So with Ruth. They had heard in the distant fields of Moab that the Lord had visited His people with bread, they had returned to the house of bread, two poor desolate widows with no resource but God; and what was the next thing? The bread was there, but how were they to get it? The simple faith of the outcast Moabitess lays hold of her true place, and of the provision God had made in His Word for the stranger, the fatherless, and the widow (Deut. 24:19). She has only to take her place as one who is nothing and has nothing, in order to claim God’s promise. And so she goes out in faith to cast herself upon the goodness of God, to glean after him in whose eyes she may find favor.
Acres upon acres of harvest field stretch before her, undivided by hedges or walls as with us, and perplexing the stranger’s heart as to which little plot out of the whole belongs to the unknown friend in whose eyes she is to find favor.

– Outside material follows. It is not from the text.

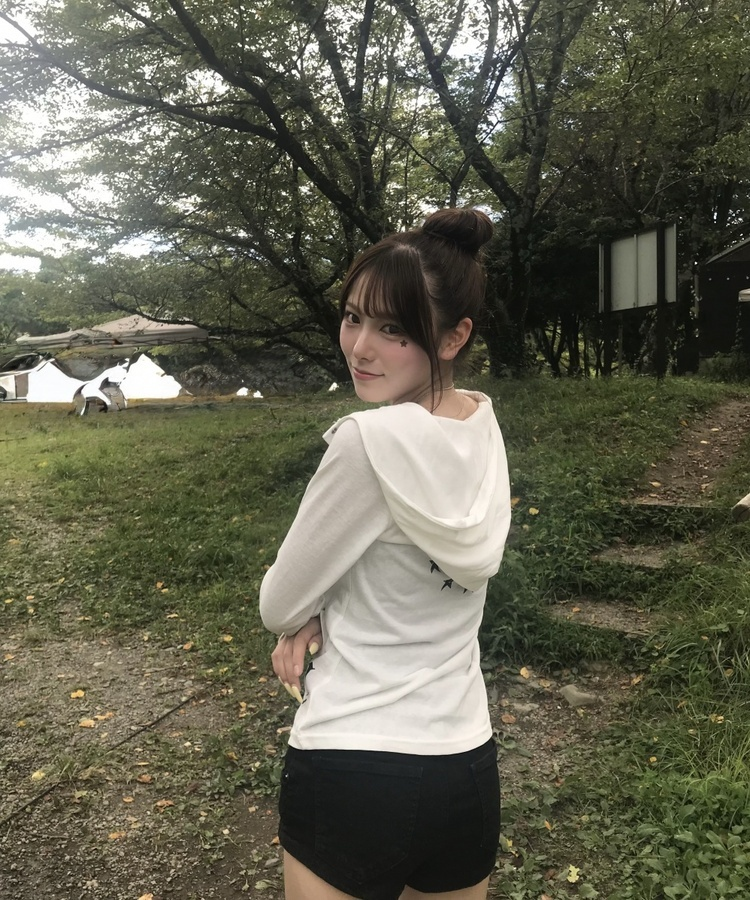 スターレタリングフードTシャツ WHITE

How is she to choose? She leaves the choice to God; and, guided by His hand in that mysterious way which down here seems chance, she lights upon a little plot belonging to Elimelech’s friend, Naomi’s kinsman, that wealthy man, Boaz.
So in simple language, that the needy heart can understand, God points to Him in whose eyes the stranger and the outcast may find favor. There is but One, the One who was born in the manger in Bethlehem, who ate with publicans and sinners, who went to be guest with a man that was a sinner, who suffered a woman that was a sinner to weep out her tears of repentance over His blessed feet, who hung between two sinners on Calvary’s cross, who took a sinner with Him into Paradise — Jesus, the friend of sinners.
Boaz, then, comes from Bethlehem, the house of bread, to meet the outcast damsel who was seeking bread, and his eye travels straight to her as she stoops to glean in the heat of the day, humbly following behind the reapers, taking the stranger’s place. Little rest has been hers as yet, says the steward, who knows his master’s heart. The meeting has come; how will the wealthy man receive the poor outcast?
It is most beautiful, yet simple, to see how God’s way of grace shines out in this meeting. First Boa; calling her by the gentle name, “my daughter,” teaches her the first simple lesson: “go not to glean in another field.” There is only one place where the sinner’s need can be met, there is only one person who can meet it.
Elimelech had wandered away to the fields of Moab, and there had found nothing but bitterness and death. Now God had drawn the outcast from the fields of Moab to the field of Boaz by a chain of love whose links Ruth could never know at the time, and the lesson is driven home, “go not to glean in another field.”
Are there not some who have tasted that the Lord is gracious, but who, nevertheless, have not learned the simple lesson?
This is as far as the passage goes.